The essential novelties are as follows:
- (1)
This study presents a new TWM approach that combines the advantages of the CNN, the Informer encoder, and BiLSTM. This is the first time these three DL techniques have been combined to monitor tool wear conditions.
- (2)
This method can extract spatial features from the raw sensor data, capture long-term dependence and time patterns, and learn the feature representation of tool wear state comprehensively to enhance the TWM’s precision and reliability.
- (3)
The presented approach has excellent efficiency and good interpretability, which can help to understand the key factors of tool wear and prepare a valuable reference to prevent and manage tool wear.
The paper is structured as follows:
Section 2 focuses on the theory related to the CIEBM model;
Section 3 focuses on the structure of the CIEBM model and the parameters related to the network;
Section 4 focuses on the experimental procedure and results; and finally,
Section 5 presents the conclusions.
5. Conclusions
A tool wear state monitoring approach using CNN, Informer encoder, and BiLSTM was proposed to evaluate its performance on the tool wear state dataset. The experimental results and analysis demonstrate the following results:
- (1)
Experimental results reveal that the presented TWM approach based on CNN, Informer encoder, and BiLSTM has high accuracy in TWM. All of them reached over 95% in the relevant evaluation indexes, reflecting the excellent performance of the CIEBM model, which can efficiently classify and forecast the tool wear state.
- (2)
In tool wear monitoring, CNN can extract spatial features from sensor data. Informer encoders can model long-term dependencies and capture global context information with ProbSparse Self-Attention and a feedforward neural network layer. BiLSTM captures temporal patterns and context information to further improve monitoring accuracy.
- (3)
Our model is the first to use CNN, an Informer encoder, and BiLSTM together for tool wear condition monitoring, and it is also the first to target global feature modeling based on the non-linearity of the tool wear process to enable the model to better learn the relationship between the features of different wear stages. This is of great importance for further research.
- (4)
Further analysis shows that our method has an excellent classification impact on normal and different degrees of wear, and the confusion between normal and heavy wear is slight, indicating that the method can effectively distinguish tool states with different degrees of wear.

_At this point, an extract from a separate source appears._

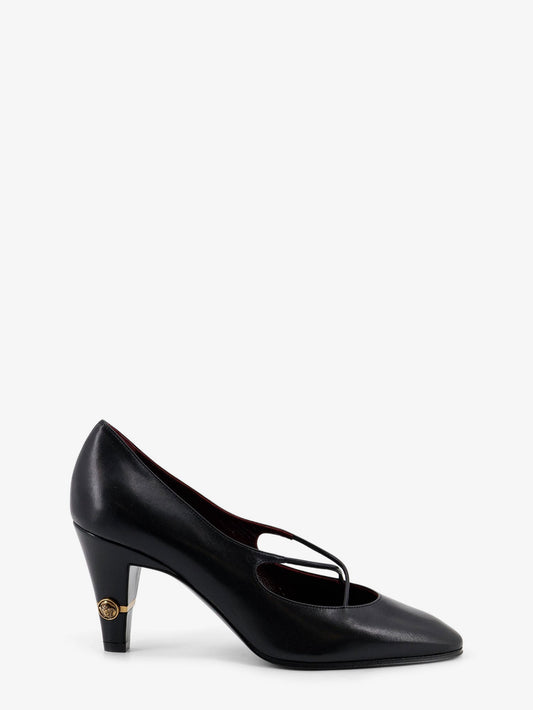 Criss-Cross Medallion leather pumps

In summary, the tool wear state monitoring approach using CNN, Informer encoder, and BiLSTM performed well in the experiment. This method has significant application value for TWM in the industrial field. Nevertheless, many details still need to be improved, such as further optimization of the model architecture, hyperparameter adjustment, and dataset size expansion, to enhance the monitoring’s precision and robustness.
In future work, the method of combining physical models of tool wear with deep learning will be further investigated. By modeling the physical model, the interpretability of deep learning will be further improved while providing a theoretical basis for optimizing the deep learning network model for the production scenario of tool wear. In the next phase, we will continue to conduct field experiments to study wear under variable working conditions to further improve the generalization ability of the model.